In [118]:
import pandas as pd

import re
import nltk
from nltk.corpus import stopwords
from nltk.stem import WordNetLemmatizer
from sklearn.feature_extraction.text import TfidfVectorizer
from sklearn.model_selection import train_test_split
from sklearn.feature_selection import chi2
import numpy as np


from sklearn.linear_model import LogisticRegression
from pprint import pprint
from sklearn.model_selection import RandomizedSearchCV
from sklearn.model_selection import GridSearchCV
from sklearn.metrics import classification_report, confusion_matrix, accuracy_score
from sklearn.model_selection import ShuffleSplit
import matplotlib.pyplot as plt
import seaborn as sns

from sklearn.feature_extraction.text import TfidfVectorizer
from sklearn.ensemble import GradientBoostingClassifier


# import sys
# if not sys.warnoptions:
#     import warnings
#     warnings.simplefilter("ignore")    

Load Data

In [58]:

df = pd.read_fwf('trainingdata.txt', delim_whitespace = True, header = None)
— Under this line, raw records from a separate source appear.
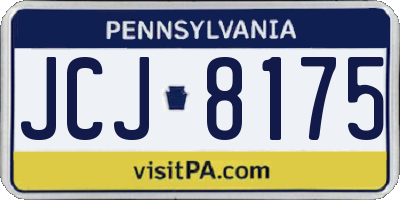 PA license plate JCJ8175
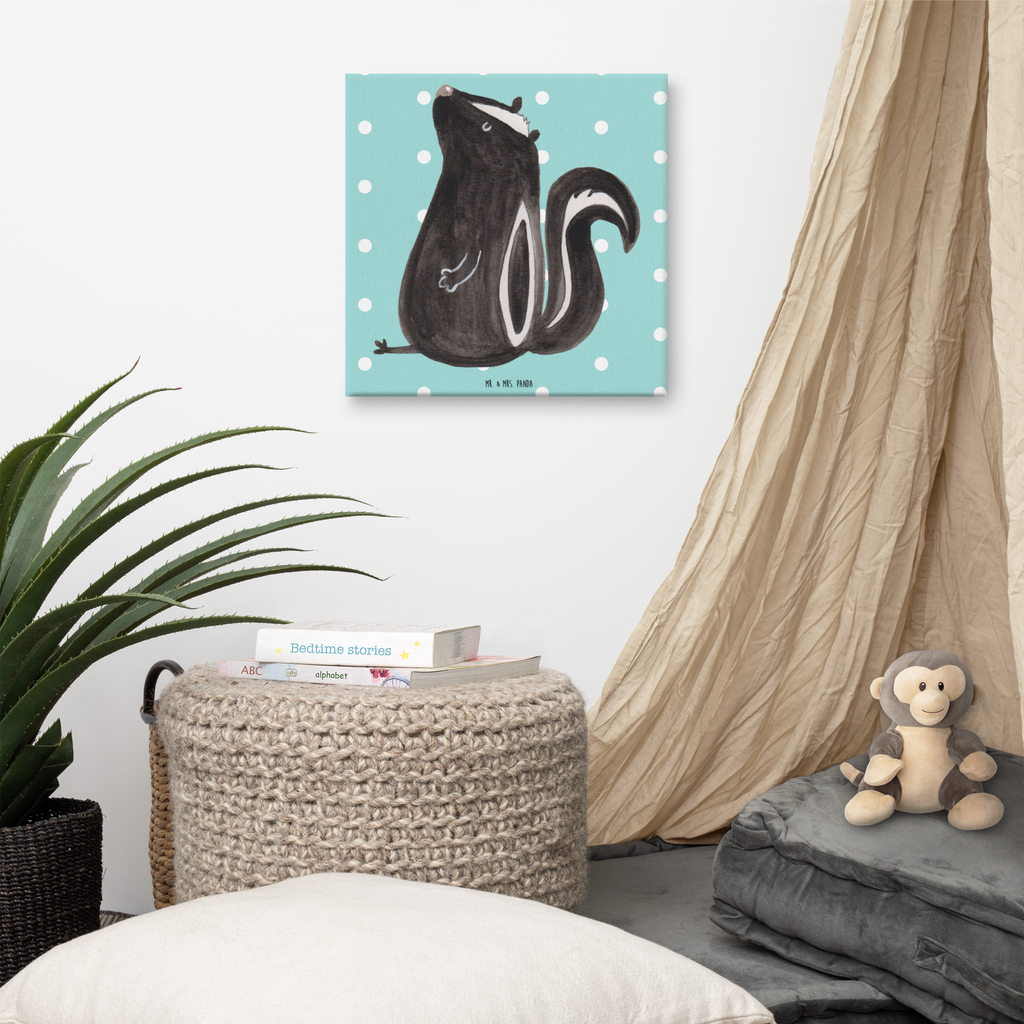 Leinwand Bild Stinktier Sitzen Leinwand, Bild, Kunstdruck, Wanddeko, Dekoration, Stinktier, Skunk, Wildtier, Raubtier, Stinker, Stinki, Spruch, Büro, Recht, Besserwisser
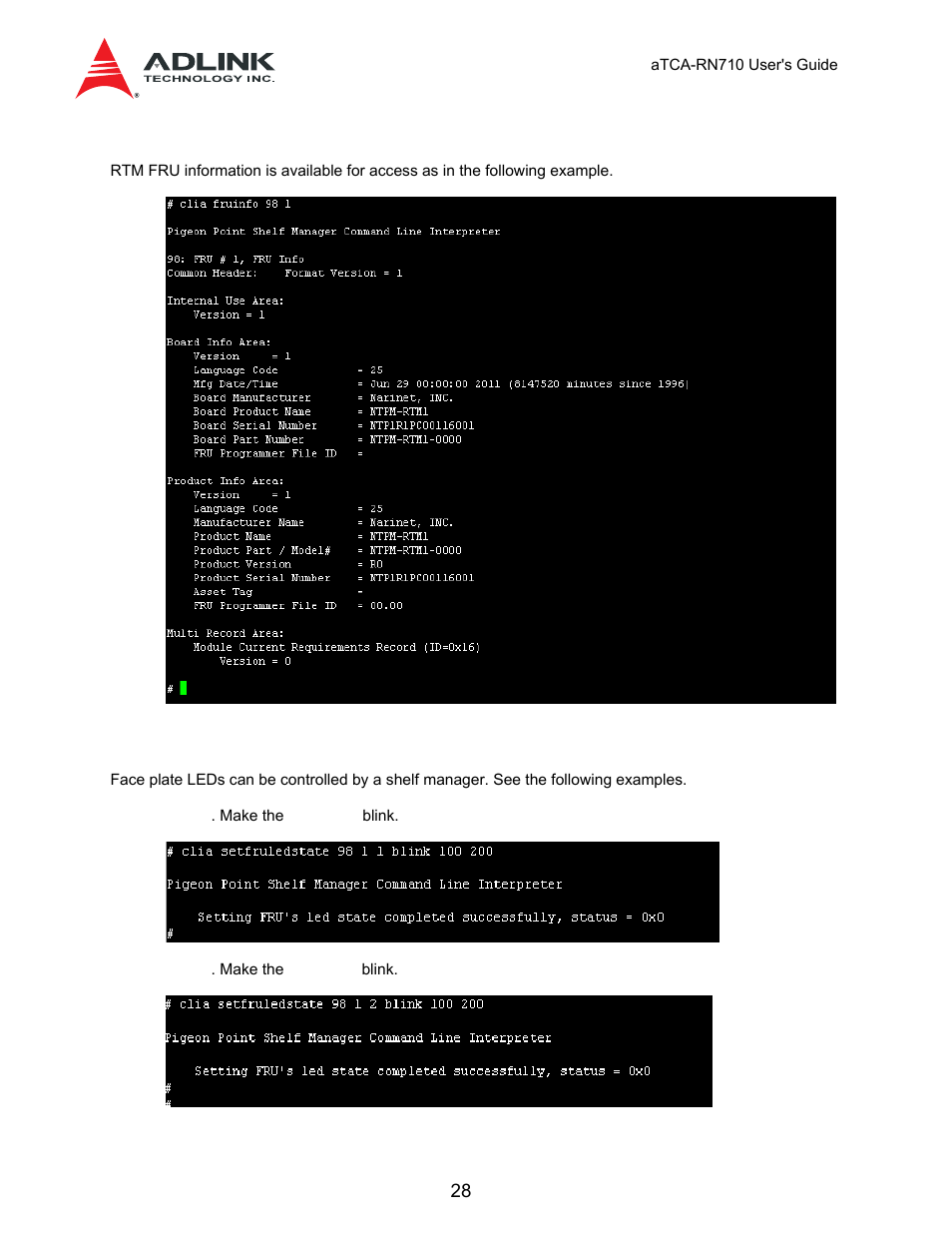 6 fru information, 7 faceplate led, 5 sensor | Threshold values | ADLINK aTCA-N700 User Manual | Page 28 / 59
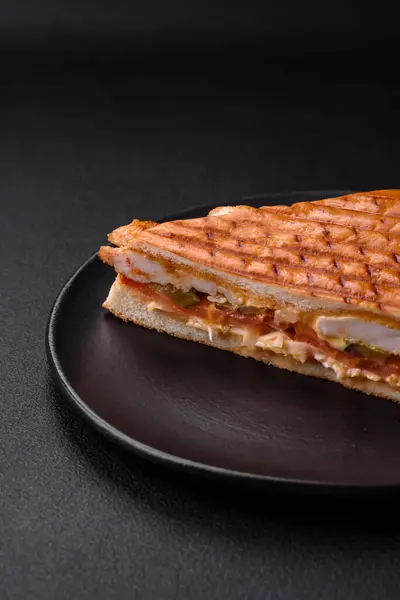 어두운 배경에 닭고기 가슴살 도마도 양념을 곁들인 맛있는 바삭바삭 샌드위치 — 스톡 사진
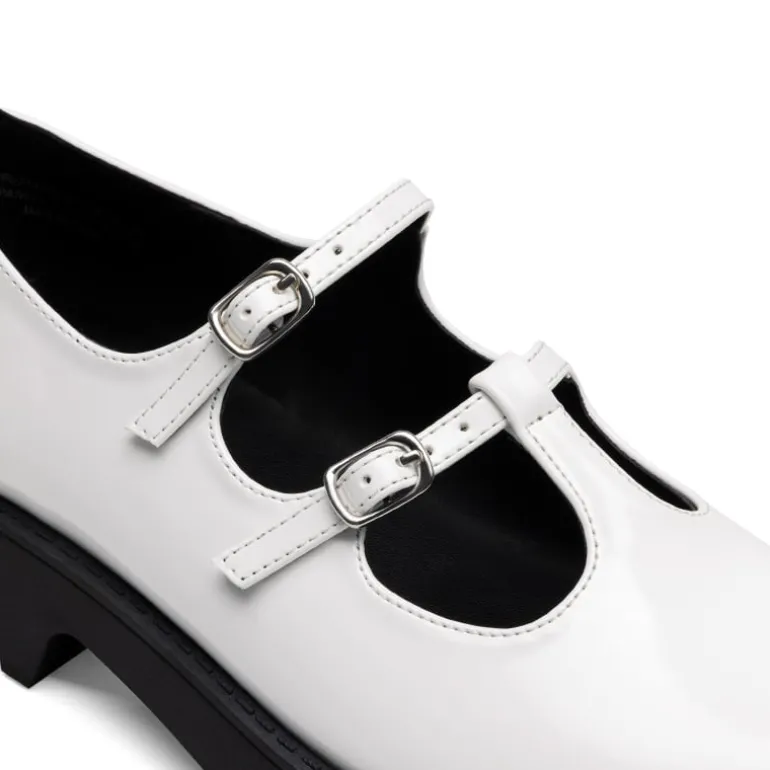 Double-strap Mary Jane Chunky Pumps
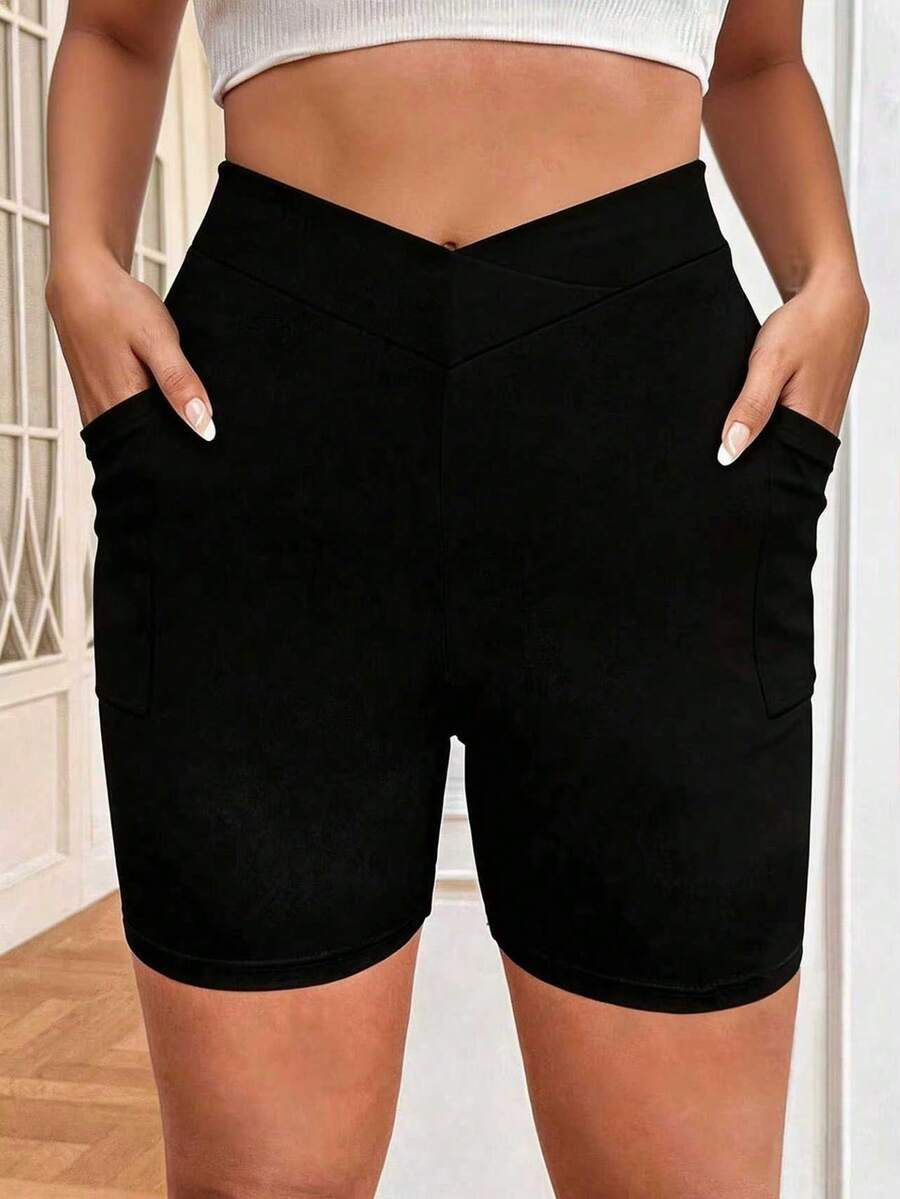 EMERY ROSE Quần short cỡ lớn, màu trơn, kiểu dáng tối giản, thường ngày. - màu đen - Xem 1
df = df.rename(columns = {df.columns[0]:'text'})
df = df[['text']][1:]

df = pd.DataFrame(df['text'].str.split(" ", 1).tolist(), columns = ['category','text'])

df.head()

Unnamed: 0,category,text
0,1,champion products ch approves stock split cham...
1,2,computer terminal systems cpml completes sale ...
2,1,cobanco inc cbco year net shr cts vs dlrs net ...
3,1,am international inc am nd qtr jan oper shr lo...
4,1,brown forman inc bfd th qtr net shr one dlr vs...


Text Cleaning

In [63]:
# change to lower case
df['text'] = df['text'].str.lower()

# remove punctuation
punctuation_signs = list("?:!.,;")

for punct_sign in punctuation_signs:
    df['text'] = df['text'].str.replace(punct_sign, '')
    
# remove possessive pronoun terminations
df['text'] = df['text'].str.replace("'s", "")



df.head()

Unnamed: 0,category,text
0,1,champion products ch approves stock split cham...
1,2,computer terminal systems cpml completes sale ...
2,1,cobanco inc cbco year net shr cts vs dlrs net ...
3,1,am international inc am nd qtr jan oper shr lo...
4,1,brown forman inc bfd th qtr net shr one dlr vs...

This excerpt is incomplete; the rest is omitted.